* _Exercise aim_
Output the full listing below exactly, without the pictures.

* _Dataset content_
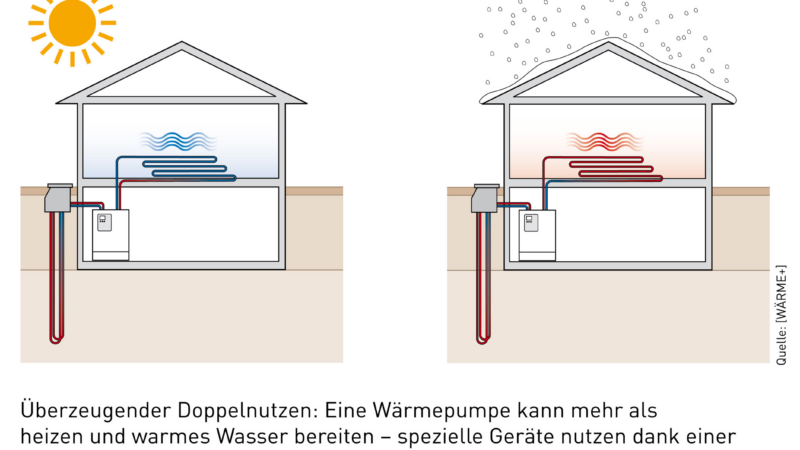 Was macht eine Wärmepumpe im Sommer? Sie kühlt!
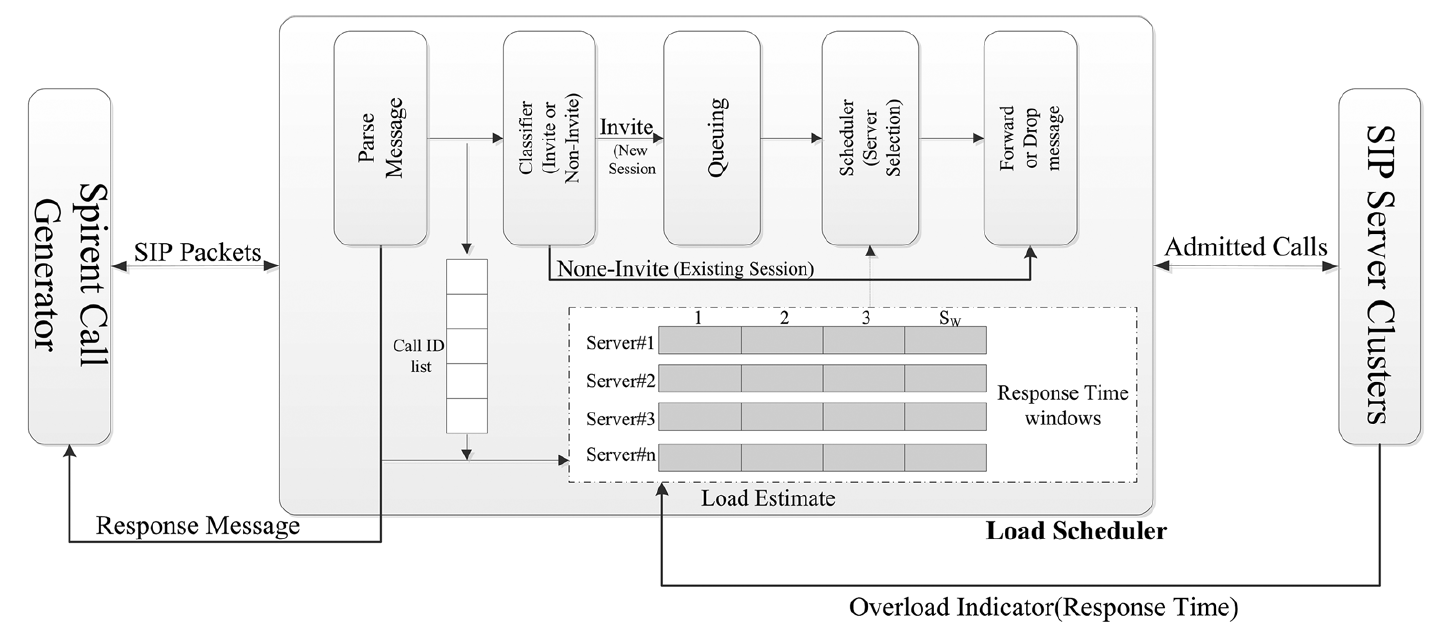 A load scheduler for SIP proxy servers: design, implementation and evaluation of a history weighted window approachg 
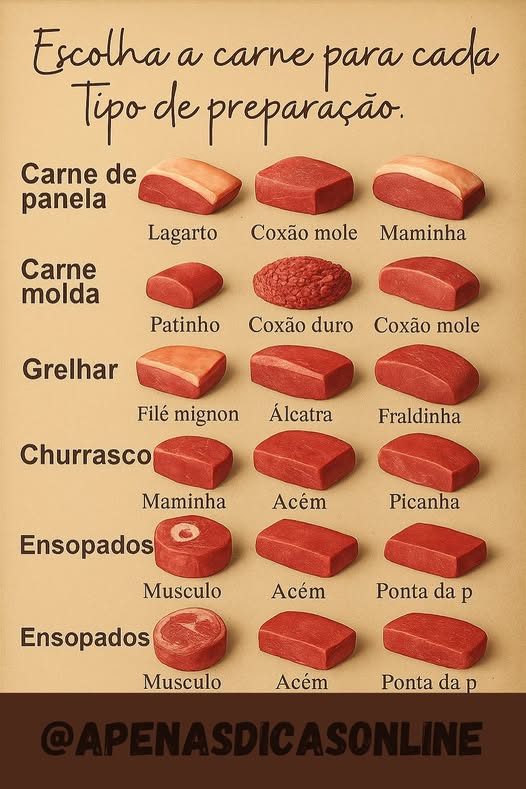 Notícia de Esportes #2
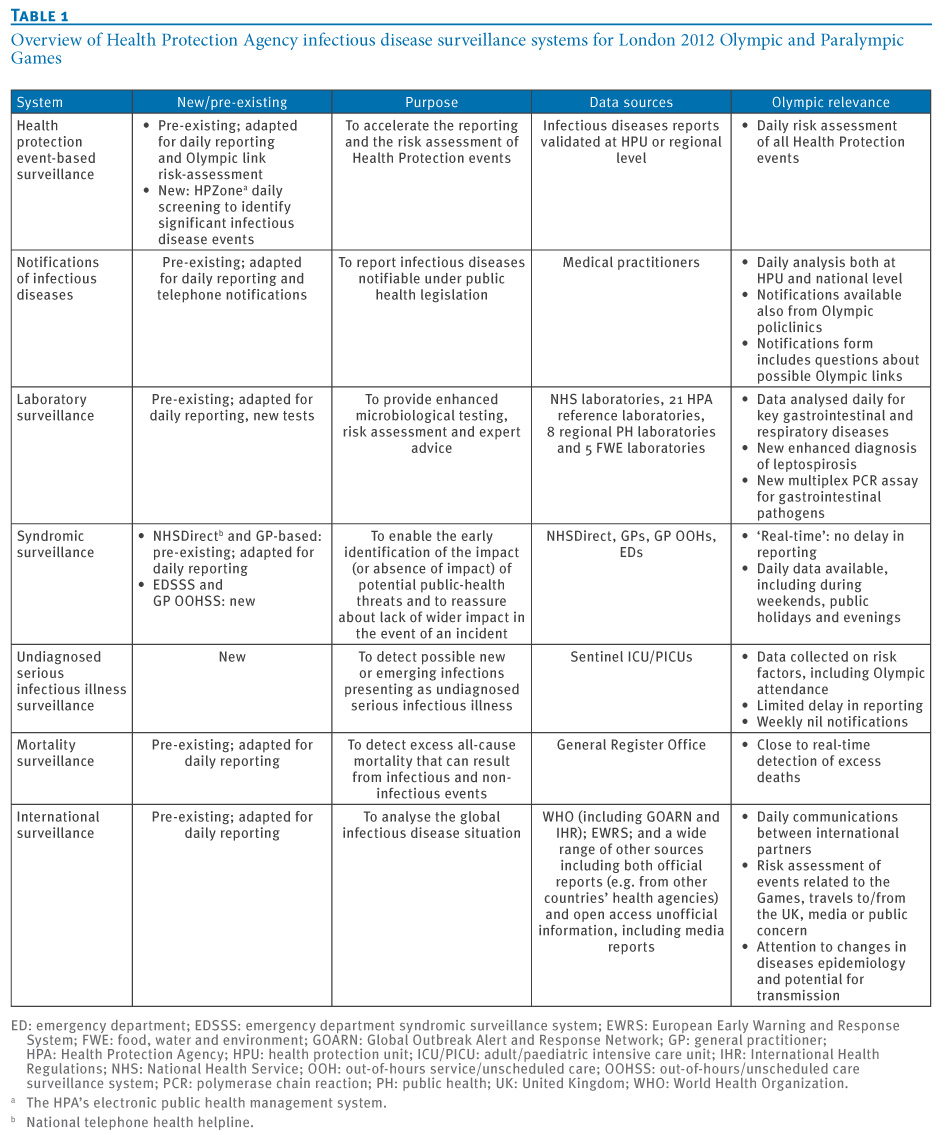 Eurosurveillance - Infectious disease surveillance for the London 2012 ...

* _Task solution_
 Was macht eine Wärmepumpe im Sommer? Sie kühlt!
 A load scheduler for SIP proxy servers: design, implementation and evaluation of a history weighted window approachg 
 Notícia de Esportes #2
 Eurosurveillance - Infectious disease surveillance for the London 2012 ...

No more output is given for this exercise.